[REQUIRED WORK]: Each line of the data below between the one containing "HO - Lampada" and the one containing "Beckham v&agrave; Victoria", both included, is to be repeated exactly. Please omit pictures.

(DATA FOR ANALYSIS)

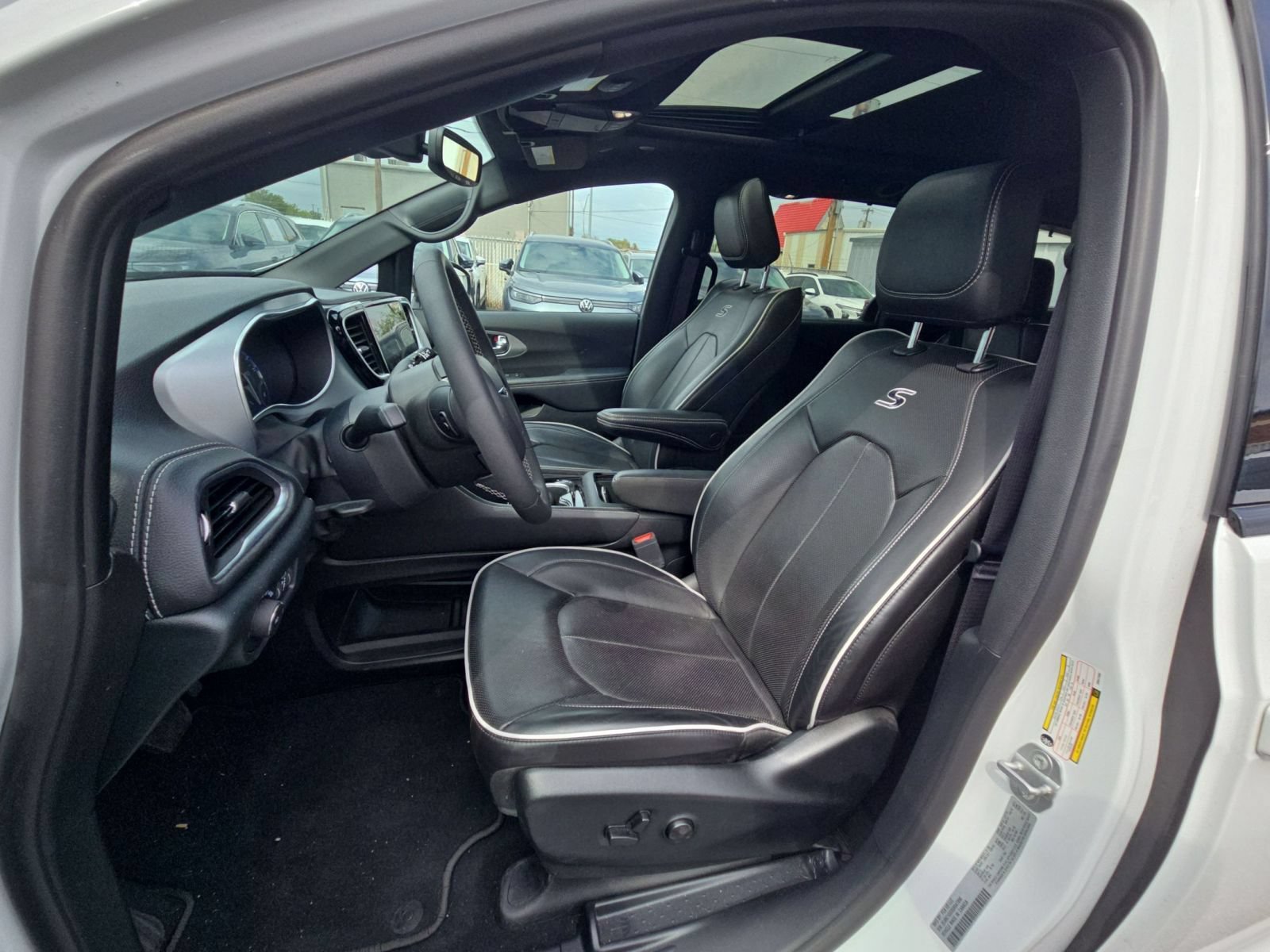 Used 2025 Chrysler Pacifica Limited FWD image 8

(End DATA FOR ANALYSIS)
(DATA FOR ANALYSIS)

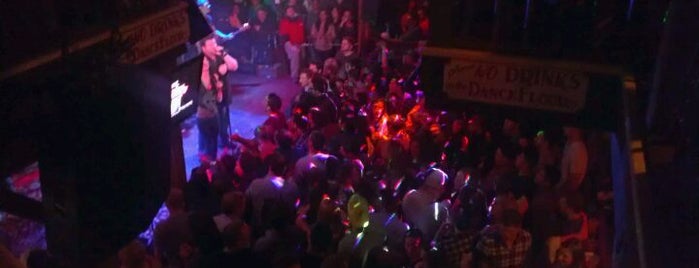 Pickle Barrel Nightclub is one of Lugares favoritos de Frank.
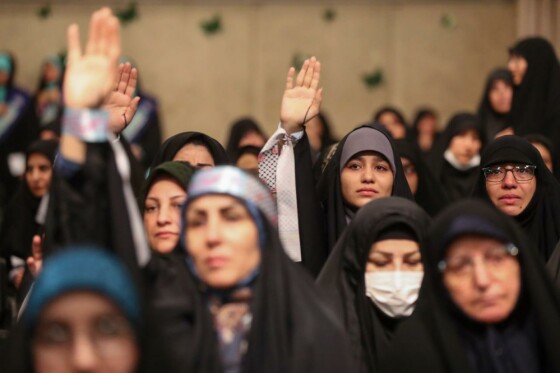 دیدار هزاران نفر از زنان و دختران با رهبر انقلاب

(End DATA FOR ANALYSIS)
(DATA FOR ANALYSIS)

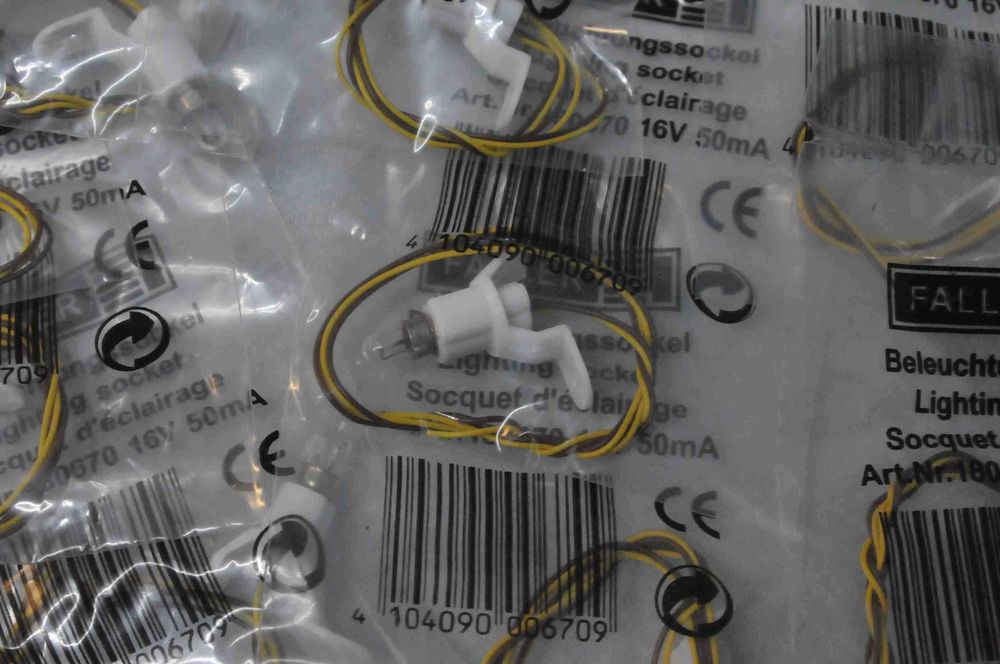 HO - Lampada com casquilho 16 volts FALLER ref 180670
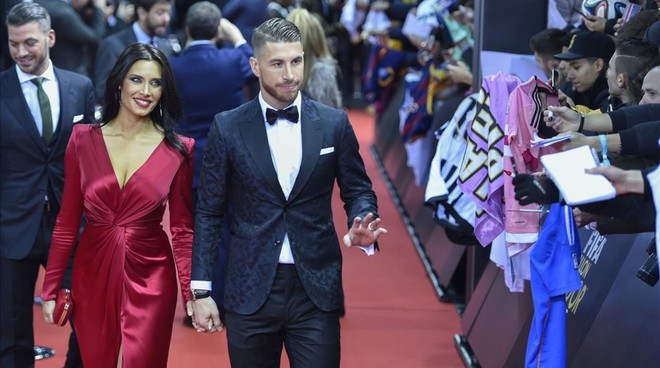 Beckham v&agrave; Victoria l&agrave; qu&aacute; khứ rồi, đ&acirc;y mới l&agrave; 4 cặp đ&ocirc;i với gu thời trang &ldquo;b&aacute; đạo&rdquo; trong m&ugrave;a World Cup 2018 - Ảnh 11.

(End DATA FOR ANALYSIS)

[FINAL ANSWER]:
 HO - Lampada com casquilho 16 volts FALLER ref 180670
 Beckham v&agrave; Victoria l&agrave; qu&aacute; khứ rồi, đ&acirc;y mới l&agrave; 4 cặp đ&ocirc;i với gu thời trang &ldquo;b&aacute; đạo&rdquo; trong m&ugrave;a World Cup 2018 - Ảnh 11.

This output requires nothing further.